Flitsbelichtingsbracketing

U kunt drie opnamen maken terwijl de flitssterkte automatisch steeds verandert. Deze functie wordt flitsbelichtingsbracketing (flash exposure bracketing; FEB) genoemd. Het instelbereik is ±3 stops, in stappen van 1/3 stop.

  1. Kies Instelling flitsbelichtingscompensatie/flitssterkte met behulp van de joystick.

  2. Duw de joystick omlaag om FEB te selecteren.

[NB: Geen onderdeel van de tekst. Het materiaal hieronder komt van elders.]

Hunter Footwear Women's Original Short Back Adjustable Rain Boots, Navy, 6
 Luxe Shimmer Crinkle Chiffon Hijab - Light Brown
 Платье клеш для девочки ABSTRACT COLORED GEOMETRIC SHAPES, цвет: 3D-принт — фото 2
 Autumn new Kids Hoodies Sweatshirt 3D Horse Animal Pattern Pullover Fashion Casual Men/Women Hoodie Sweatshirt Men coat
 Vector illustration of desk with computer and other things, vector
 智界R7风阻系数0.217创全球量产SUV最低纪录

  3. Stel het FEB-niveau in.

    • Duw de joystick in horizontale richting of draai aan Selectiewiel en selecteer het FEB-niveau. Druk daarna de joystick recht in.
    • "0,3" betekent 1/3 stop en "0,7" betekent 2/3 stop.
    • Bij gebruik in combinatie met flitsbelichtingscompensatie worden FEB-opnamen gebaseerd op de ingestelde compensatiewaarde. Linkerkant of Rechterkant wordt weergegeven aan de uiteinden van de indicator als het flitsbelichtingsniveau meer is dan ±3 stops.
    • Nadat u een nieuwe waarde hebt ingesteld, verandert deze niet als u de joystick in verticale richting duwt.
    • Na het wijzigen van de waarde, wordt de gewijzigde waarde niet ingesteld als de toets Ongedaan maken wordt ingedrukt.

Opmerking

  • De FEB wordt automatisch geannuleerd nadat de drie opnamen zijn gemaakt.
  • Overweeg voordat u FEB-opnamen maakt om de transportmodus van de camera in te stellen op enkelbeeld en controleer of het opladen van de flitser is voltooid. In de transportmodus voor continue opname wordt de opname automatisch beĆ«indigd na drie opeenvolgende opnamen.
  • U kunt FEB in combinatie met flitsbelichtingscompensatie of flitsbelichtingsvergrendeling gebruiken.
  • Als de belichtingscompensatie op de camera is ingesteld op stappen van 1/2 stop, wordt de flitsbelichtingscompensatie ingesteld binnen een bereik van ±3 stops in stappen van 1/2 stop.
  • U kunt het na drie opnamen automatisch annuleren van de FEB uitschakelen in C.Fn-03.
  • U kunt de FEB-opnamevolgorde wijzigen (C.Fn-04).